Sept. 26 (Bloomberg) -- Airbus SAS, the world’s second-biggest planemaker, won orders for $4.2 billion of single-aisle planes from two Chinese startups amid rising travel and the government’s deregulation of the nation’s civil aviation sector.
Qingdao Airlines, a newly established private carrier, agreed to buy 23 A320s in a deal valued at $2.26 billion, based on Airbus list prices. Zhejiang Loong Airlines, recently approved by the regulator, signed an initial agreement for 20 A320s, valued at $1.91 billion. Airlines usually get discounts from list prices.
The deals are a boost for Toulouse, France-based Airbus as the planemaker expects to deliver more than 100 aircraft this year to customers in China, the world’s second-largest economy. Airbus, which lost the global sales lead to Boeing Co. last year, has predicted airlines globally will buy planes valued at $4.4 trillion in the next two decades, driven by demand in India and China and global growth among low-fare carriers.
“It seems China is encouraging local investment into the sector as new airlines can help boost domestic consumption and economy,” said Kelvin Lau, a Hong Kong-based analyst at Daiwa Securities Group Inc. “In the short term, competition on certain routes would become fiercer and the prolonged problems of airspace congestion and pilot shortage may get worse.”
New players in the long term are unlikely to be a real threat for the dominant airlines, that are owned by the central government, he said.
About 36 percent of Airbus’s long-term sales forecast will go to the Asia-Pacific region, with Europe taking 20 percent of planes ahead of North America, which will be home to 19 percent of forecast deliveries. The highest growth rate will be in India where domestic air travel is set to advance almost 10 percent, with China and Brazil due to see increases of about 7 percent.
Qingdao Airlines’ order includes 18 A320neos, a re-engined version of the single-aisle jet, according to an e-mailed statement from Airbus yesterday. Zhejiang Loong’s purchase will have nine neos, the planemaker said in a separate statement.
“I question if China needs more airlines,” said Will Horton, an analyst at CAPA Centre for Aviation. “Airlines generate economic activity even if they are unprofitable. China is no different from the rest of the world in that governments see airlines as a source of pride.”

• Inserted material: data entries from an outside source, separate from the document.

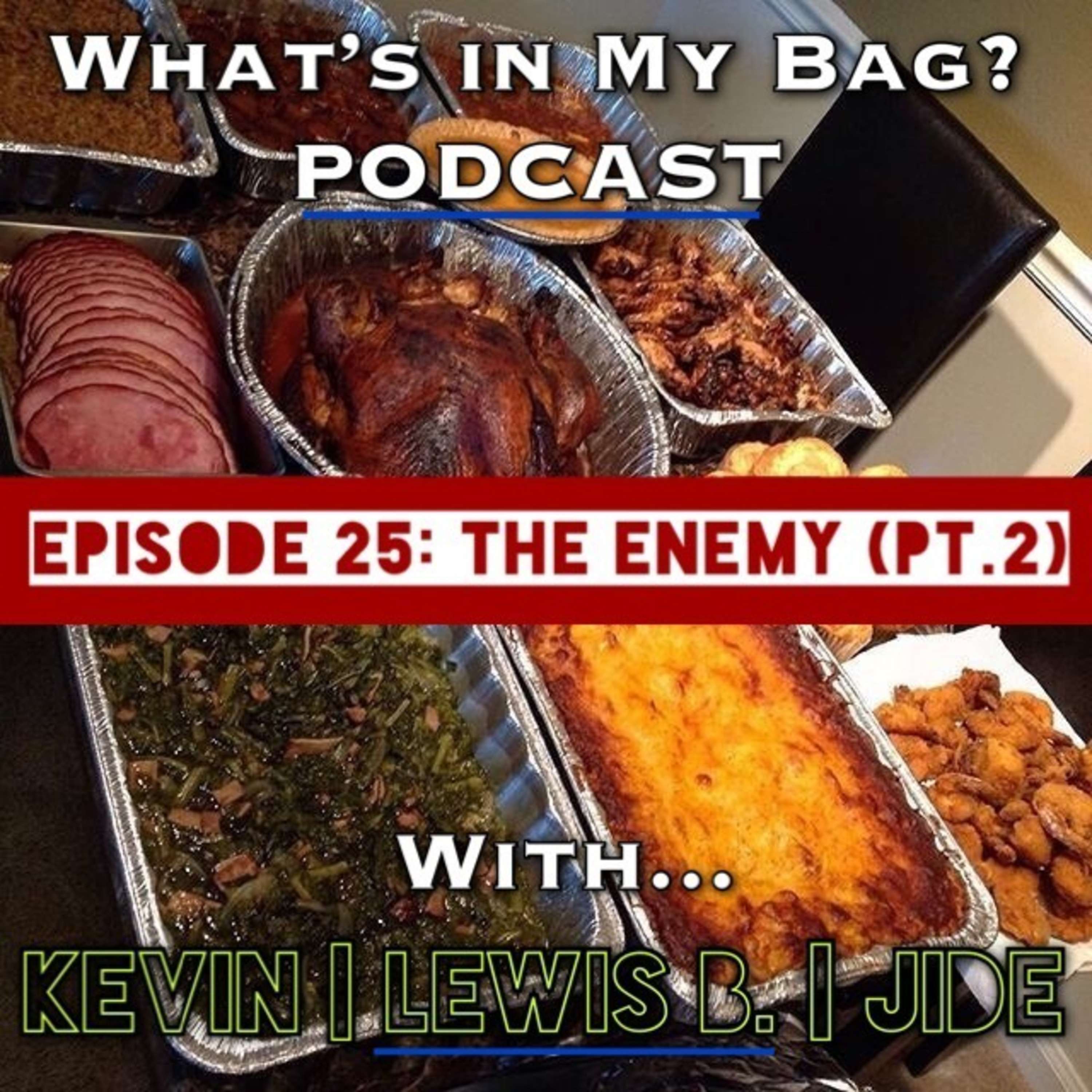 What\'s in My Bag? (Podcast)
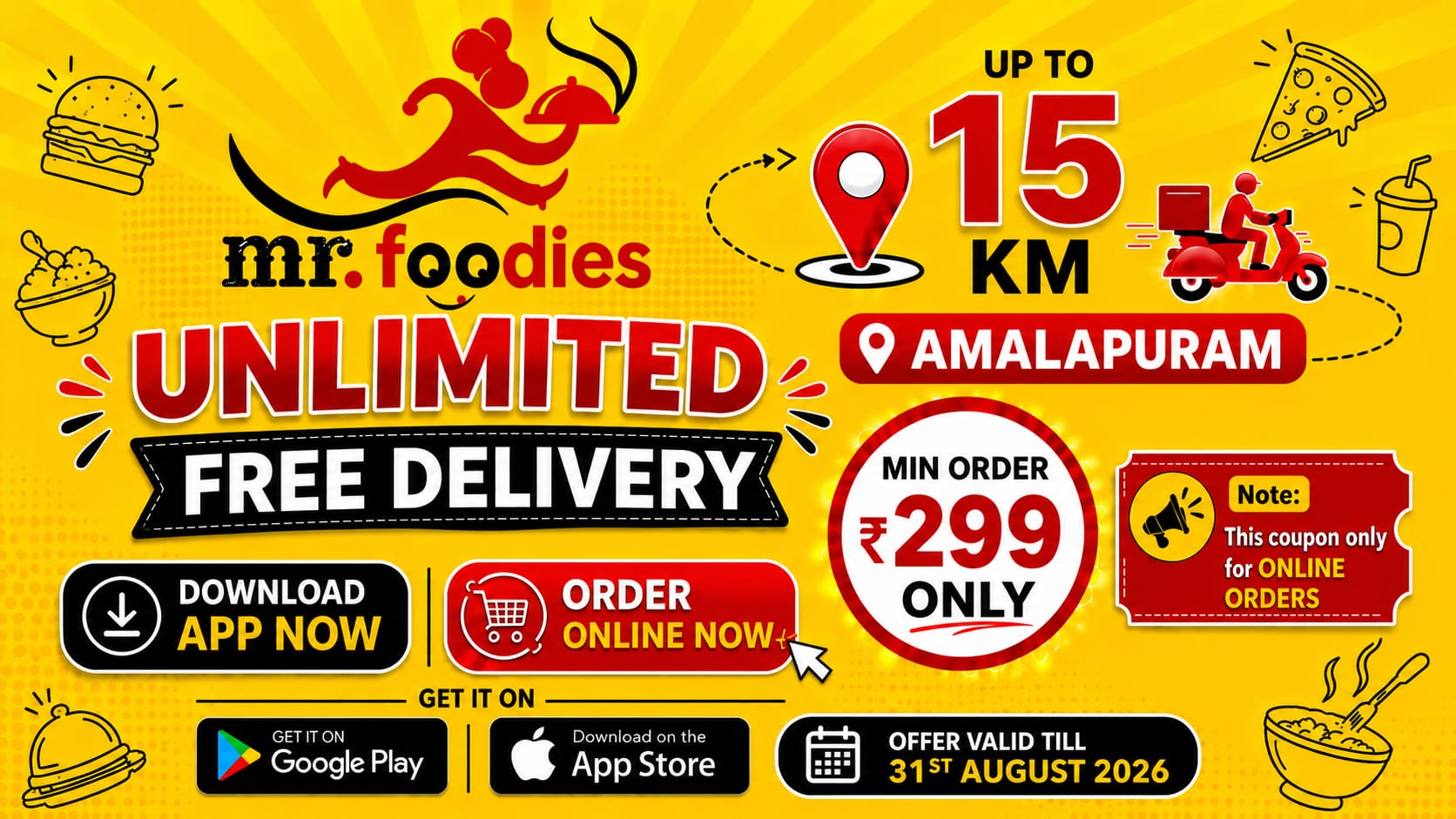 Special Food App Offer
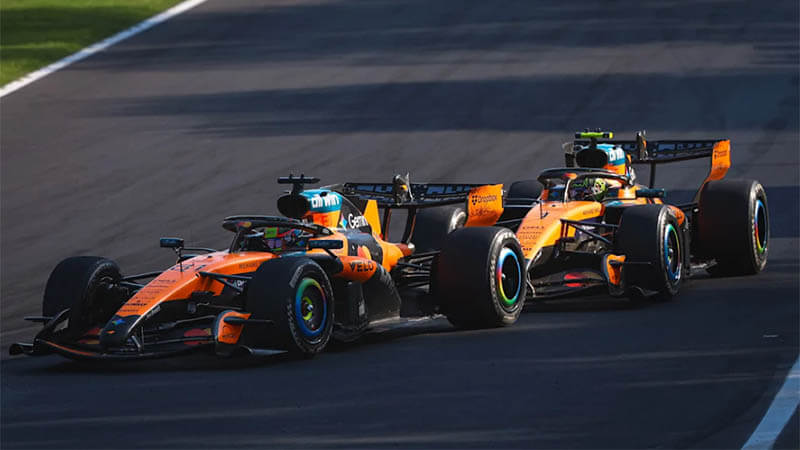 «McLaren» доволен уик-эндом в Монце и анонсировал новинки для Баку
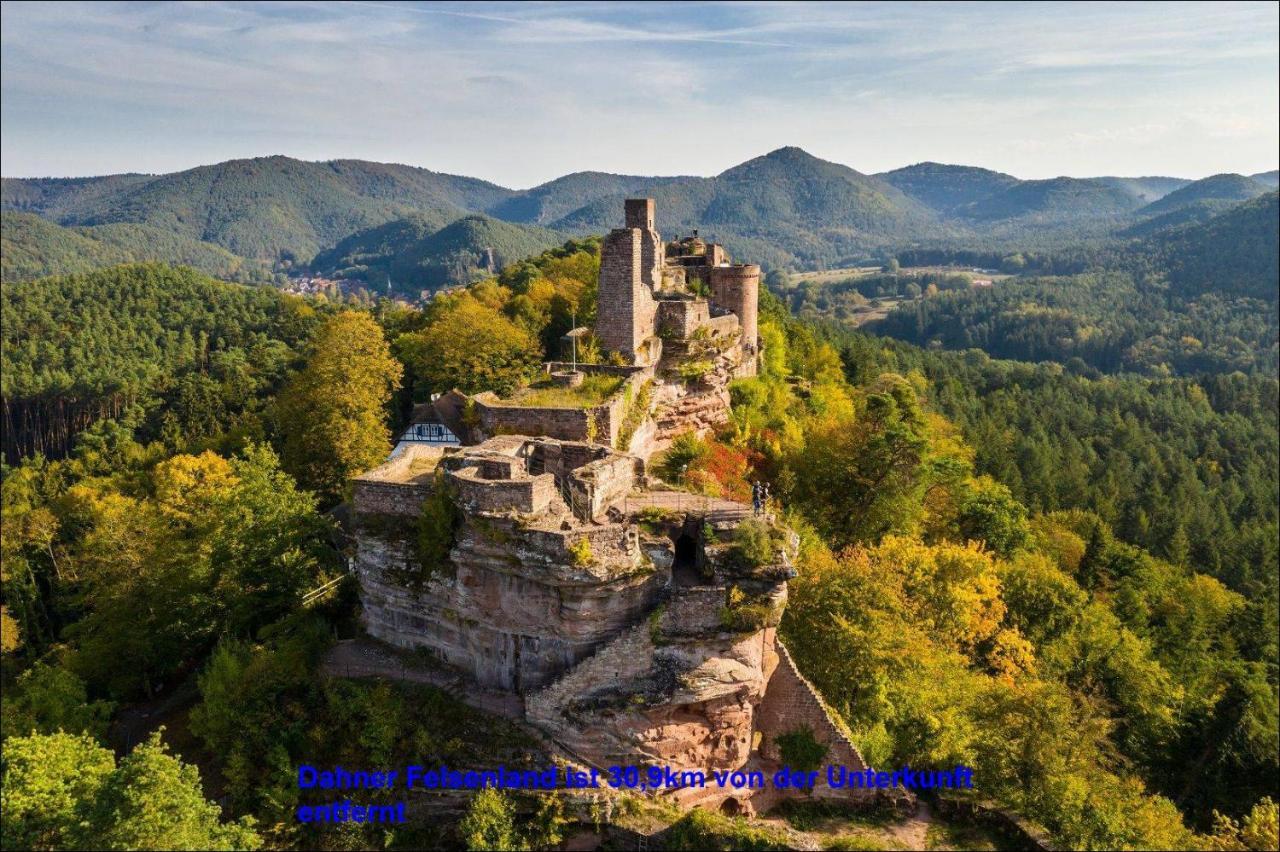 Fewo Pfaelzer Felsenlandschaft Pirmasens Buitenkant foto
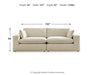 Elyza - Sectional – Stationary Sectionals by Benchcraft® at Furniture Wholesale Plus , Nashville furniture store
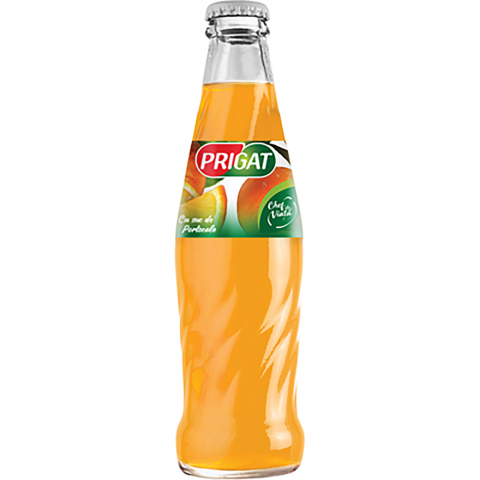 Bauturi necarbogazoase - Suc de Portocale, sticla, 12 x 250 ml, Prigat Still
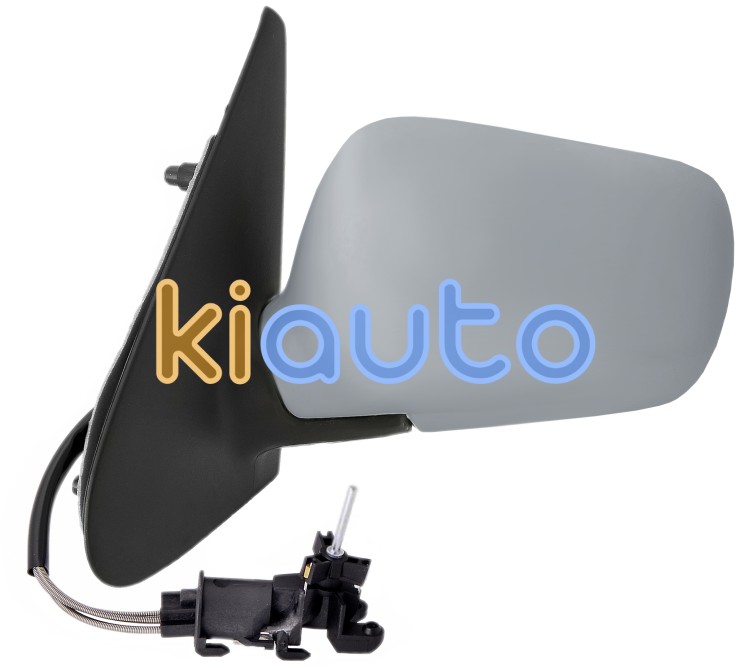 Espejo retrovisor volkswagen polo 1995-1999 mecanico / imprimado / izquierdo OE 6N1857507GRU / 6N1857521A / 6N1857507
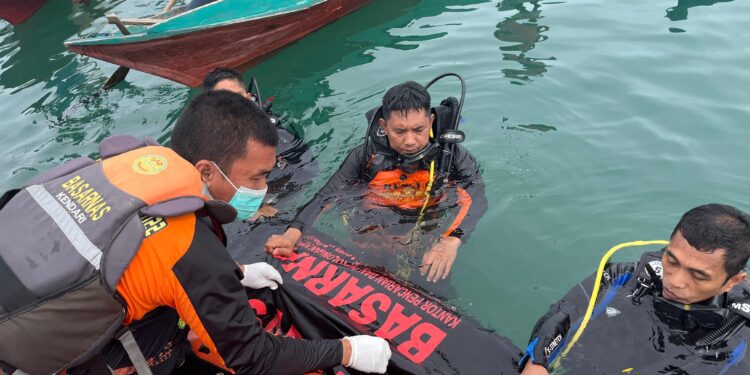 Tenggelam Saat Mencari Ikan, Warga Kendari Ditemukan Meninggal Dunia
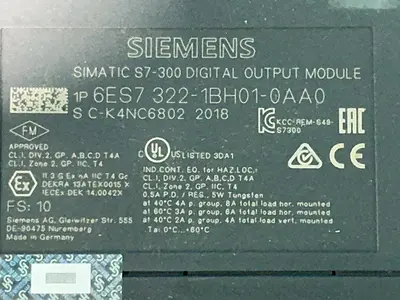 New | in-Stock SIEMENS 6ES7 3221BH010AA0 PLC Input & Output Ohio US | HGR 24 #1357463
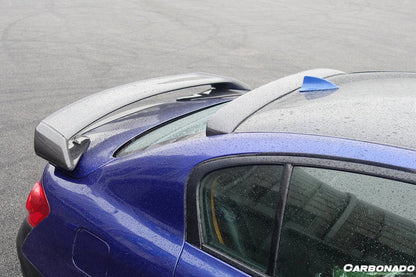 Carbonado 2007-2013 Infiniti G25 G35 G37 Sedan BS Style Roof Spoiler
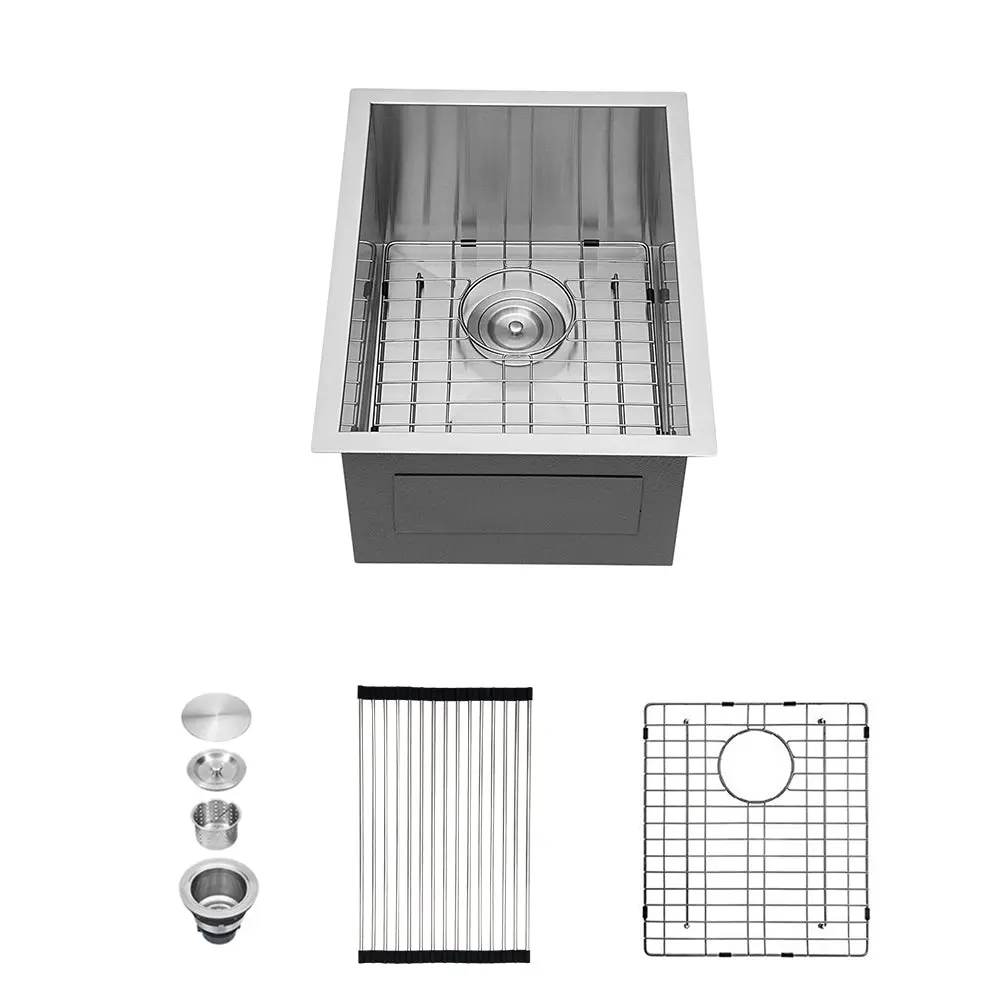 15 Inch Undermount Sink 15X20X9 Undermount Stainless Steel Kitchen Sink lordear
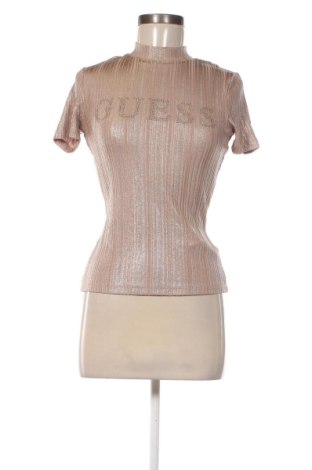 Дамска блуза Guess, Размер S, Цвят Бежов, Цена 44,99 €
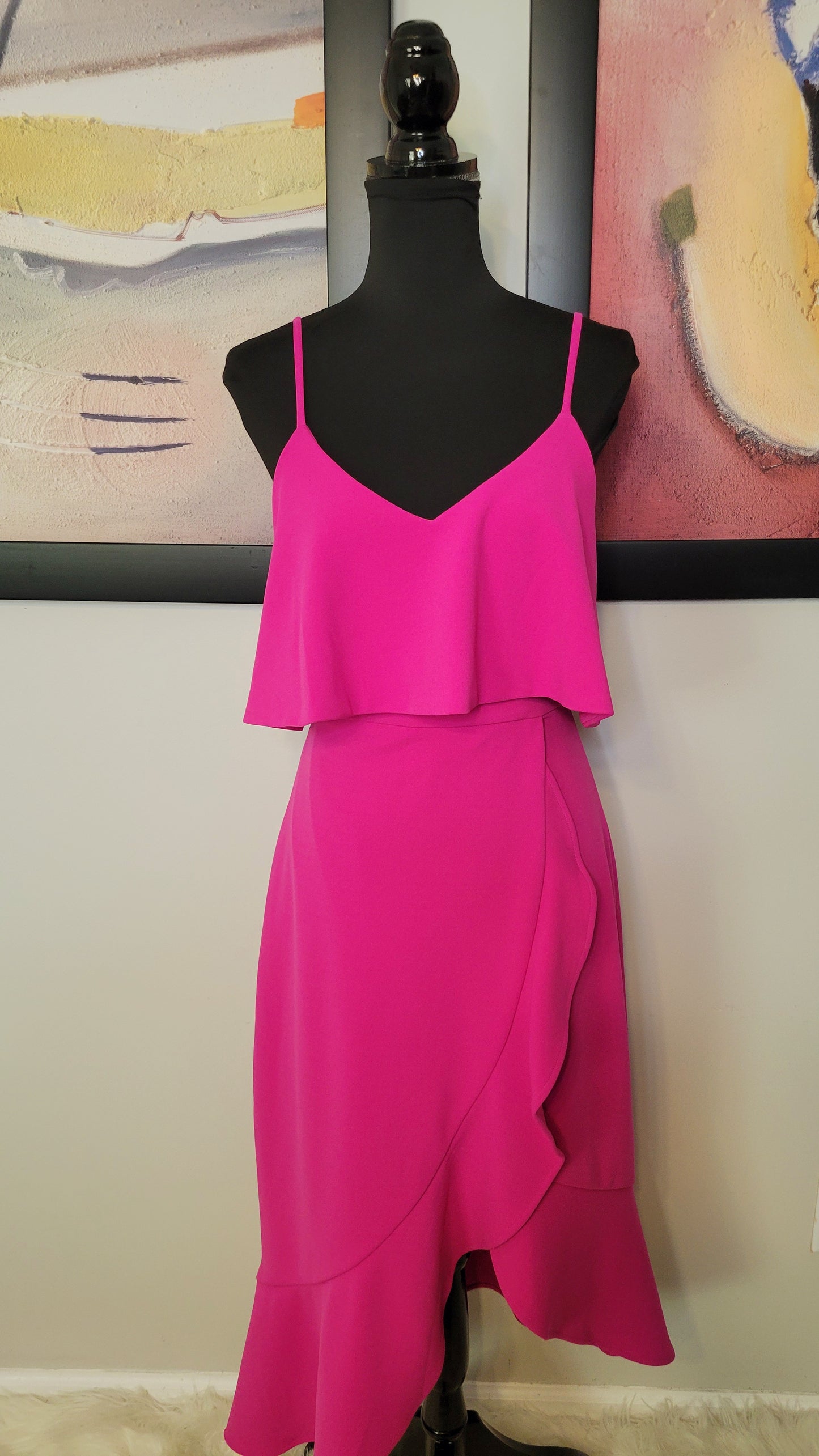 9.28.2024 SIZE M THE CLOTHING COMPANY DRESS NWT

Airbus also won a $2.6 billion order from BOC Aviation Ltd., the leasing unit of Bank of China Ltd. The Singapore-based lessor is expanding as economic growth in Malaysia, Indonesia and other Southeast Asian nations is boosting travel across the region. That’s prompted Singapore Airlines Ltd., AirAsia Bhd. and PT Lion Mentari Airlines to also place orders.
VietJet Aviation Joint Stock Co., Vietnam’s only privately owned carrier, signed an agreement yesterday to buy as many as 92 planes from Airbus, including 42 re-engined A320neos, 14 current-model A320s, six A321s and 30 purchase rights.
China may need 5,300 new planes in the 20 years through 2032, Commercial Aircraft Corp. of China said yesterday. The Shanghai-based company is making China’s first large passenger plane in a bid to challenge Boeing and Airbus.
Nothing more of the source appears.